### REQUIRED WORK
Take the entries below and print only the lines from the one with "A set of Good" through the one with "Caucasian boy playing with trucks", exactly as they stand, both ends included.

### PROVIDED DATA

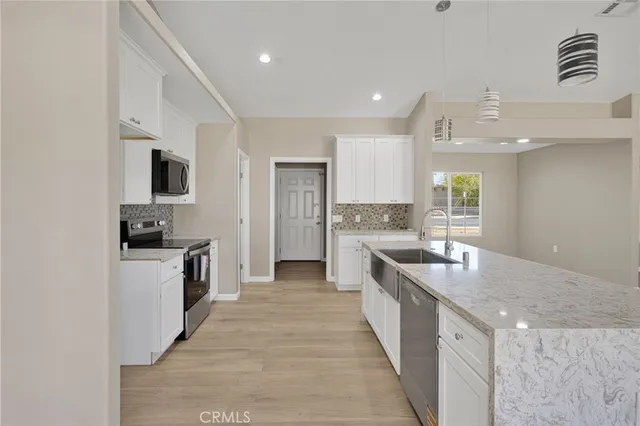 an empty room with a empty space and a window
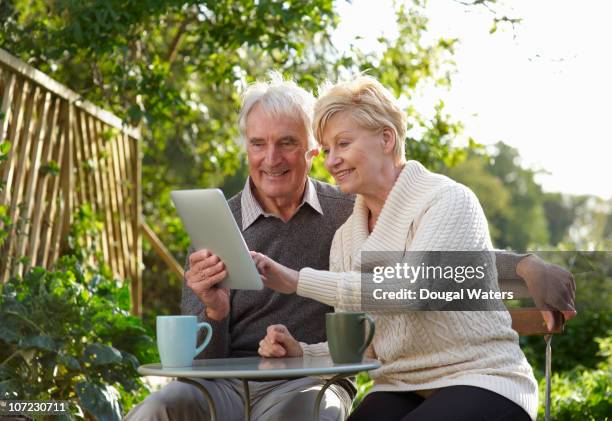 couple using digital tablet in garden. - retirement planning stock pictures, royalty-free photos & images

--

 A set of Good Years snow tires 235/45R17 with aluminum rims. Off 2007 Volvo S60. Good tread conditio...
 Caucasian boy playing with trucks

...

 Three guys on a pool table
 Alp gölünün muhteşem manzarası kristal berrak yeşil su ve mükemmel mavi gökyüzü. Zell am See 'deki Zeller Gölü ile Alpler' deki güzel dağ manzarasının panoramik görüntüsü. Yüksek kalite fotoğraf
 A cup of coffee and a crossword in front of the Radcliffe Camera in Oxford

### EXERCISE RESULT
 A set of Good Years snow tires 235/45R17 with aluminum rims. Off 2007 Volvo S60. Good tread conditio...
 Caucasian boy playing with trucks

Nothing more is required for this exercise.